Look at the history of the DTES. The Missing and Murdered Women’s Commission of Inquiry was not a gift from above. Mobilized DTES women challenged and changed the colonial and sexist system that is killing Indigenous women. The government was forced to scramble to contain the power of this movement. They created an inquiry that ended as a sham. Needle exchanges, harm reduction peer support programs, and Insite were government programs that followed, and institutionalized, the initiatives and civil disobedience campaigns of low-income DTES drug users. Even the LAPP was initiated by City Hall to subvert low-income DTES residents’ planning on their own terms. In these cases and many others, it was the poorest and most oppressed people in the city who were acting together and making destiny and change by their own, collective, hands. The government was reduced to chasing after them, offering reforms and deals, meeting some demands and silencing others, desperate to steal their energies and break up their unities.

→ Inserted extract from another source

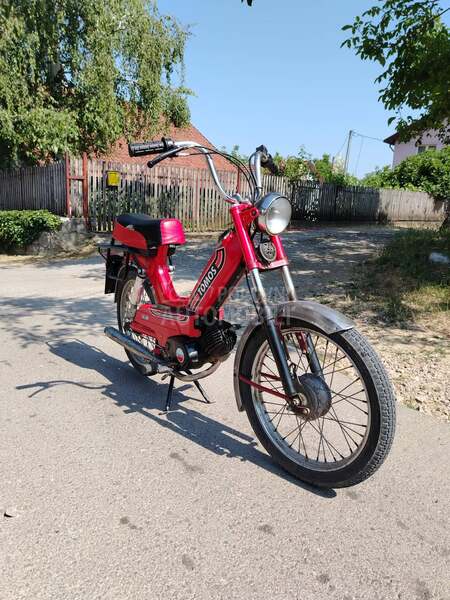 Tomos A3 ms
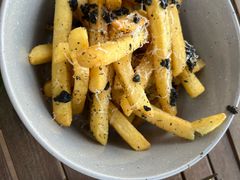 -沏点Trattoria意大利餐厅(新街口店)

The low-income community’s Social Justice Zone plan continues this legacy. The low-income community representatives at the LAPP planning table formed a caucus within the city process and produced their own 5-point plan. The city is scrambling to absorb it, remove the points that threaten the status quo, and steal the vision from the community.
The part of the City’s draft plan that is most influenced by the low-income community is the proposed zoning in the Oppenheimer District (60% social housing, 40% market rental). This zoning could protect this part of the DTES against gentrification and displacement by blocking condo development and dampening real estate speculation. But this action alone will not fulfill the spirit of the Social Justice Zone plan, which puts people before profit and declares the DTES a sanctuary for people who are stigmatized, criminalized, harassed, deported, and unwanted in the rest of consumer-culture dominated Vancouver.
The Oppenheimer District anti-condo zoning is not a whole solution, but it does create an opportunity for social justice organizing. The government of Canada uses borders and trade agreements to keep poor people out and usher big money through. The anti-condo zoning in the Oppenheimer District can be the opposite; it can be a border to keep big money out and help people struggling for social justice stay, organize together, and expand those struggles through the rest of Vancouver and beyond, to collaborate with the struggles of communities facing displacement threats around the world.
The next step in the low-income community’s Social Justice Zone plan is to outline together the actions that we will take to strengthen our struggles against capitalism, colonialism and displacement, and against racism, sexism, homophobia and other violence within our community. The Social Justice Zone plan is really about making change ourselves; not only is there nothing about us without us, there is no justice without us.